四川泡菜和韩国泡菜不是一码事儿。盐不重,主要借花椒白酒之力。名堂多——红白胡萝卜、黄瓜莴苣条、藕片豇豆角、卷心菜苤蓝、辣椒、姜、蒜——只有你想不到的,没有他不敢泡的,我在峨眉山脚下吃过泡茄子!名堂多颜色就好,农家乐柜台上,几大玻璃瓶红黄白绿在前,瓶子后面偶尔探出年轻老板娘桃花色的脸蛋,现成的油画。
比起单用泡菜下干饭,更精致的做法是加点鲜菜炒成咸香口,下粥。泡豇豆、炒鲜豇豆在重庆的早点摊儿上极受欢迎,酸、爽、脆、嫩,配上绵滑的米油子,开胃指数爆表。

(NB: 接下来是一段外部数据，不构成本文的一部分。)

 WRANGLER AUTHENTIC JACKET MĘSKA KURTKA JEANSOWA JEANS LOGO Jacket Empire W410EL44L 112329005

异曲同工的是江浙小菜萝卜干炒毛豆,我四岁多在上海,就着这口创造过一顿下去三碗泡饭、吓倒舅妈的纪录。
湘西也有一种广为流传的腌菜炒鲜菜,叫“外婆菜”,是拿梅干菜、酸豆角一类腌物加大蒜、青红辣椒、五花肉丁爆炒,这里头辣椒就是鲜菜啦!“外婆菜”可以直接下饭,也可以烧鱼炒肉烩豆腐当作料使,据说能把一锅菜都带成偷饭小贼。至于为什么叫“外婆菜”,一说乡下外婆清贫,无钱大鱼大肉地办招待,整出这么一碗能让一大家子人吃高兴了,划算;另一说做这个菜总要用腌晒得恰到好处的时令菜,想想也只有外婆经验多耐心又足,记得什么节气该腌什么晒什么。我心中总偏向后者,觉得多着外婆柔和厚实的手掌和太阳味儿,暖烘烘的舒服。

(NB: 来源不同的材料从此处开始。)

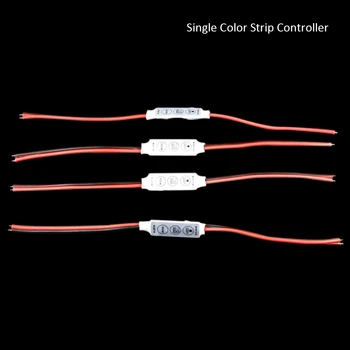 10PCS/Daudz LED Kontrolieris DC12V Mini 3 Taustiņus Vienu Krāsu RGB Led Strip Gaismas Reostats Kontrolieris 5050 3528 Sloksnes Lampas JQ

读书时有个湘籍舍友,小伙子勤奋得很,每回烧饭都一次性炒至少三天的下饭菜,好腾出更多时间鼓捣他那个飞机课题。我们戏称他做菜的模式为“肉末辣椒炒××”——他喜用肥瘦参半的大盒绞肉馅,又必放切成小圈的青辣椒,变量“××”则视冰箱里有啥而定。想来是身在异乡、够不着外婆,聊以自慰的简化版“外婆菜”吧。